Recorded information:
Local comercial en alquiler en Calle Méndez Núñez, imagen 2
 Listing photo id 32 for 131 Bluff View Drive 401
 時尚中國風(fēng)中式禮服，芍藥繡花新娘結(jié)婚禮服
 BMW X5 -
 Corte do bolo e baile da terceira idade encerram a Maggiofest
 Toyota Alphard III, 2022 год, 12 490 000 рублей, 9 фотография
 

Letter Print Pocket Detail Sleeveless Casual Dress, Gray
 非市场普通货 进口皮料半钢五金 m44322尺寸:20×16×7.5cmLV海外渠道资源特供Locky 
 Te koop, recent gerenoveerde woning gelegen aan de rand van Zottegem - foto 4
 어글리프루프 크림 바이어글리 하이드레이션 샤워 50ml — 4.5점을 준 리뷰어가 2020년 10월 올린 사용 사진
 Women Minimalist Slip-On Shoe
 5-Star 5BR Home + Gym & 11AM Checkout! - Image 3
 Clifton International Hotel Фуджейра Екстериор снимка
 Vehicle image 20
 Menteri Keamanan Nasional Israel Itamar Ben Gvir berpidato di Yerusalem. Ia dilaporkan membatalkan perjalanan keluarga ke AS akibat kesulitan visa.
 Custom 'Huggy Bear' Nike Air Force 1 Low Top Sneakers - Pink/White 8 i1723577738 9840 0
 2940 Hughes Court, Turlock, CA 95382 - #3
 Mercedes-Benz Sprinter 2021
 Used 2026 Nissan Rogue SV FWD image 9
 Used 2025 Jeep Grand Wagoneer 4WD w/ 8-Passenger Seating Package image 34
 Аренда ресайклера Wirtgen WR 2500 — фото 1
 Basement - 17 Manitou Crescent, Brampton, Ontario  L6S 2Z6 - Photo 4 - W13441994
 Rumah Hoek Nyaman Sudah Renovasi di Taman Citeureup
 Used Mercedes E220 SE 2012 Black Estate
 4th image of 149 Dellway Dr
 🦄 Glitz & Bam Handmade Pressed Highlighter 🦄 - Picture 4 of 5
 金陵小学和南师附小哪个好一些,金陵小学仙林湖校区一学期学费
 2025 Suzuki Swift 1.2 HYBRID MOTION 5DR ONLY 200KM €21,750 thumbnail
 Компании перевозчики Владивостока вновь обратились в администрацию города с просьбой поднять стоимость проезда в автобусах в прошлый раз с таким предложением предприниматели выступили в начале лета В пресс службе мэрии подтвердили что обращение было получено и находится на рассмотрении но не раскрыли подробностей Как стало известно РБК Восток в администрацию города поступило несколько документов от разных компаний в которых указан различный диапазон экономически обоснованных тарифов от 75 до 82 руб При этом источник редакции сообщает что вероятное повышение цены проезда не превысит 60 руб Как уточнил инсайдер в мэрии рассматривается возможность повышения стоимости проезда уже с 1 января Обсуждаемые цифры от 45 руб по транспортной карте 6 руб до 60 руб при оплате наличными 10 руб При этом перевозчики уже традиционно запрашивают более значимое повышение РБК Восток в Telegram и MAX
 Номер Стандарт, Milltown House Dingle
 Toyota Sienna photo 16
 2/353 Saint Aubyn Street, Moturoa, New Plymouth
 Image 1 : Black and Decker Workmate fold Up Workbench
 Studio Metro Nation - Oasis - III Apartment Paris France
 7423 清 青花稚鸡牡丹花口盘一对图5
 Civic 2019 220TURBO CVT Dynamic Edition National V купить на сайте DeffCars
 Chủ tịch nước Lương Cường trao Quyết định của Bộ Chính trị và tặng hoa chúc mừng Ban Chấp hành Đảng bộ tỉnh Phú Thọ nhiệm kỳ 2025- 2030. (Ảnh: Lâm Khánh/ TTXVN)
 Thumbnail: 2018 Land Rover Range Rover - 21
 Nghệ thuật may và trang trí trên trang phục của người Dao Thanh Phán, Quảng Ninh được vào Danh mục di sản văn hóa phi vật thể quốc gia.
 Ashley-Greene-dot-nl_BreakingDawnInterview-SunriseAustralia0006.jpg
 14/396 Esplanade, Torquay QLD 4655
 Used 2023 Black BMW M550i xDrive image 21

Aim of the task:
Each line of the records that holds the word "Toyota" should be copied out.

Reply to the task:
 Toyota Alphard III, 2022 год, 12 490 000 рублей, 9 фотография
 Toyota Sienna photo 16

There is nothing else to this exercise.